ChatPPG Editorial

The Cardiac Cycle in the PPG Signal: Systole, Diastole, and What Each Phase Reveals

How the cardiac cycle maps onto the PPG waveform. A complete guide to systolic upstroke, systolic peak, dicrotic notch, and diastolic runoff — and what each phase tells you about cardiac and vascular physiology.

ChatPPG Research Team
8 min read
The Cardiac Cycle in the PPG Signal: Systole, Diastole, and What Each Phase Reveals

The Cardiac Cycle in the PPG Signal: Systole, Diastole, and What Each Phase Reveals

Every PPG waveform is a compressed diary of one heartbeat. The rising edge, the peak, the notch, and the falling tail each correspond to distinct mechanical events in the cardiac cycle. Understanding this mapping — precisely and quantitatively — is the foundation for extracting clinical information from PPG beyond simple heart rate.

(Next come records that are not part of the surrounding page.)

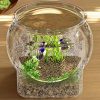 KEMORELA Small Fish Tank Desktop Fish Tank Home Use High Definition Transparent Water-Free Filter Integrated Suitable Small Fish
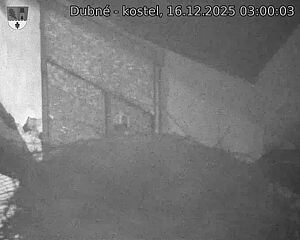 Capi_Dubne_20251216_030003.jpg (1350&nbsp;x&nbsp;1080)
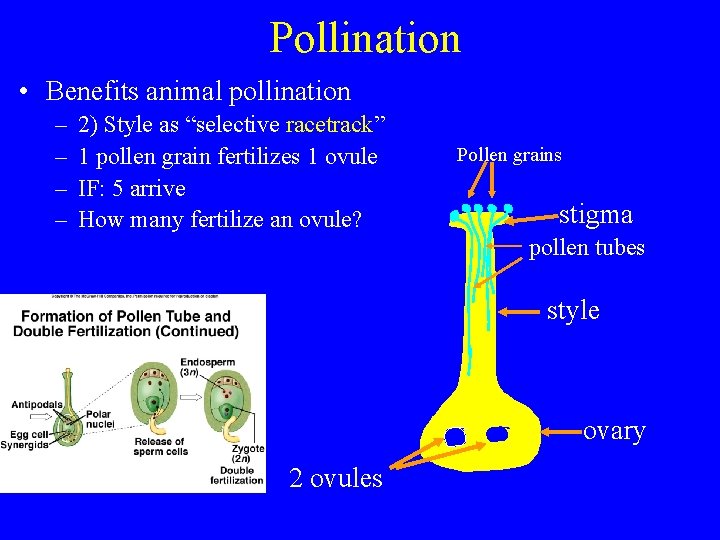 Pollination • Benefits animal pollination – – 2) Style as “selective racetrack” 1 pollen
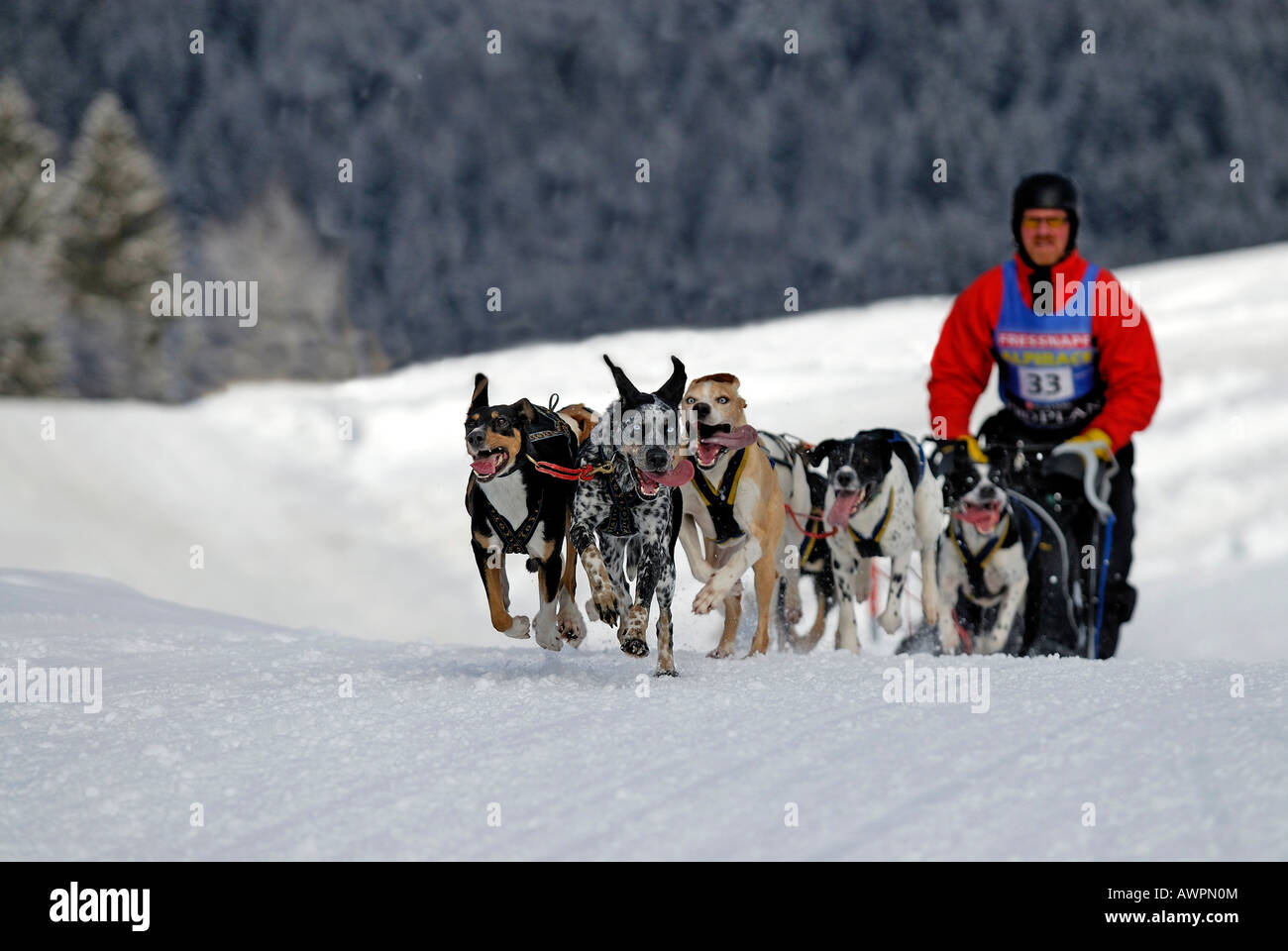 L'équipe de chien de traîneau en hiver, au 93, Bavaria, Germany, Europe Banque D'Images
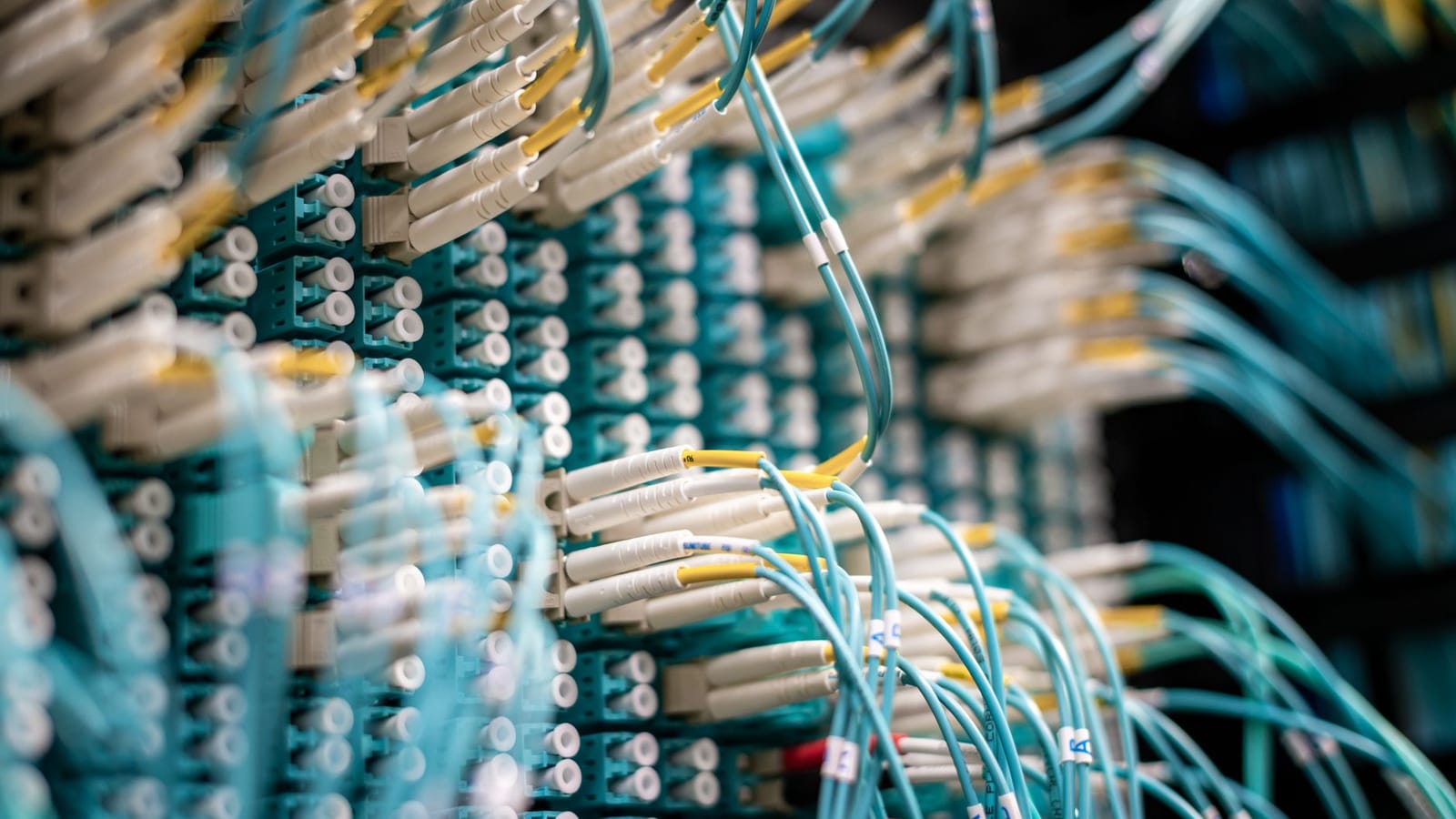 From below of fiber optic switch with sockets and connected rubber cables on blurred background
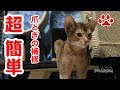 キャットタワーの補修 Mauタワー 専用爪とぎ麻マット【瀬戸の猫部屋日記】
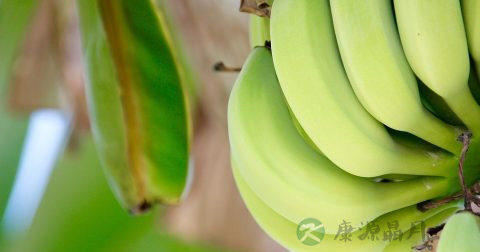 眼睛受伤肿了怎么消肿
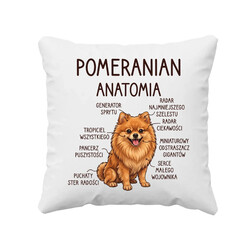 Pomeranian - anatomia - poduszka na prezent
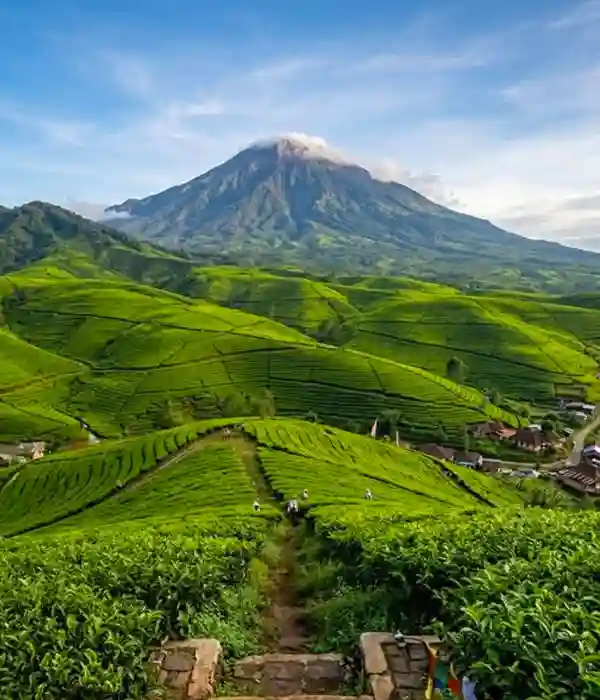 Visit waterfalls in Bandung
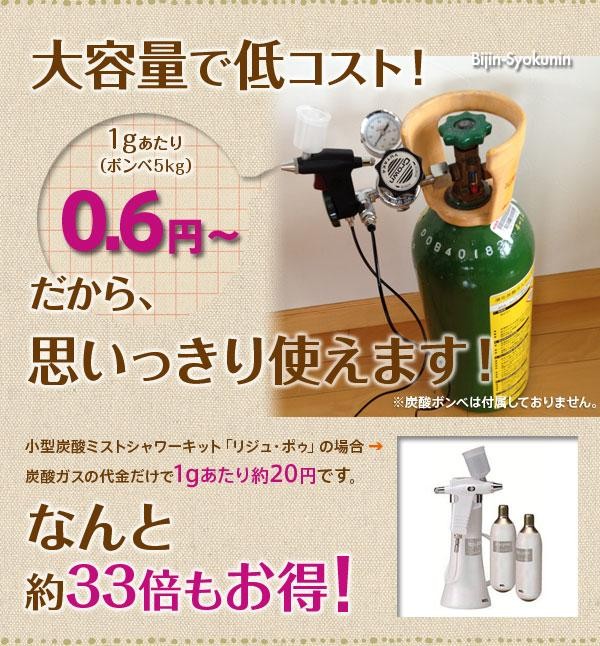 炭酸ミスト 業務用 あすつく 送料無料 酸ミストシャワーをプロユースに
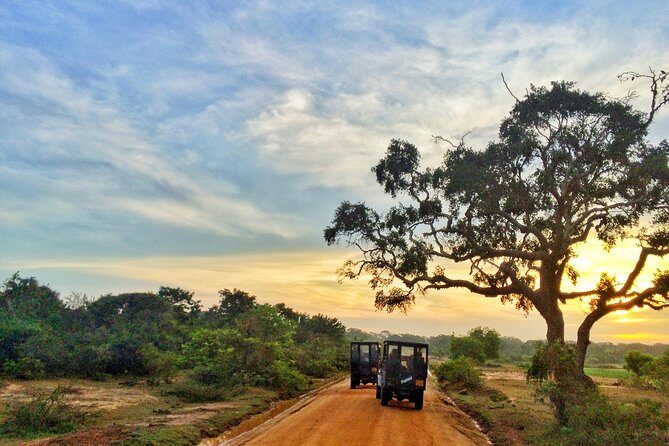 Yala Safari Private Day Trip from Bentota and Kalutara Areas - Who This Tour is Perfect For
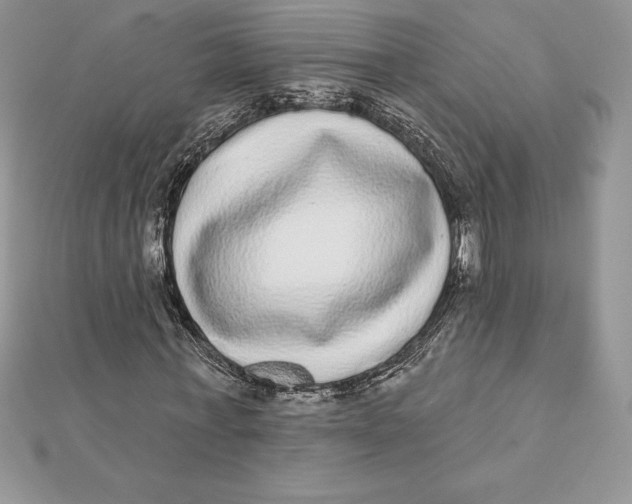 X0000112360771200909031909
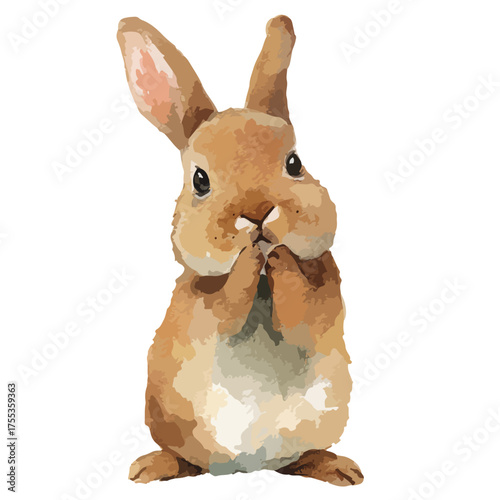 Cute Brown Bunny Rabbit Illustration.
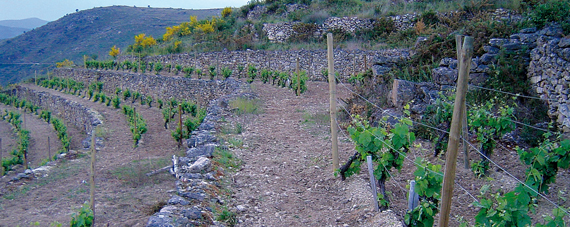 Valdeorras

The Cardiac Cycle: A Brief Overview

The cardiac cycle is the complete sequence of mechanical events that constitutes one heartbeat:

Diastole (heart filling):

  • Isovolumetric relaxation: ventricular pressure falls, valves closed
  • Early rapid filling: mitral/tricuspid valves open, blood rushes into ventricles
  • Slow filling (diastasis): gradual ventricular filling as atrial-ventricular pressure gradient equalizes
  • Atrial systole: atrial contraction provides final 15-25% of ventricular filling

Systole (heart ejecting):

  • Isovolumetric contraction: ventricular pressure rises rapidly, all valves closed
  • Rapid ejection: aortic valve opens, blood flows rapidly into aorta (~70% of stroke volume)
  • Reduced ejection: ejection slows as ventricular and aortic pressures equalize
  • Aortic valve closure: ventricular pressure falls below aortic pressure, valve snaps shut

At a resting heart rate of 60 bpm, the cycle lasts 1000 ms — roughly 330 ms systole, 670 ms diastole. At 120 bpm, the cycle compresses to 500 ms, with diastole disproportionately shortened to about 200 ms.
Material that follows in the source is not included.